◆ SOURCE DATA ◆

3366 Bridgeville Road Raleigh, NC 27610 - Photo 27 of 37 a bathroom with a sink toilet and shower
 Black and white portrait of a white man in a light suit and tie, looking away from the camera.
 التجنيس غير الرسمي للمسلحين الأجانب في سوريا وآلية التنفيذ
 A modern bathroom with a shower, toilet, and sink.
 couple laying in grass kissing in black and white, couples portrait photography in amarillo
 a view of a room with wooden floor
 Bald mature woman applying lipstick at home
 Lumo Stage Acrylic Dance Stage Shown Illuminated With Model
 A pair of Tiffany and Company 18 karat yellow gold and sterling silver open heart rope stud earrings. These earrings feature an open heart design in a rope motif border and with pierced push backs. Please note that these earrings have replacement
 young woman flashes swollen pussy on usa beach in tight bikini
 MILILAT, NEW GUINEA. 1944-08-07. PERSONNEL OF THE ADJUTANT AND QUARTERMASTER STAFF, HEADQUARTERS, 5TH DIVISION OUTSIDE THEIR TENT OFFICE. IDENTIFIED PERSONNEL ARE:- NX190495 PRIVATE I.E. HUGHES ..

◆ ABOUT THIS EXERCISE ◆
Filter the lines above so that only those with the string "shower" remain, then copy them.

◆ ANSWER TO THIS EXERCISE ◆
3366 Bridgeville Road Raleigh, NC 27610 - Photo 27 of 37 a bathroom with a sink toilet and shower
 A modern bathroom with a shower, toilet, and sink.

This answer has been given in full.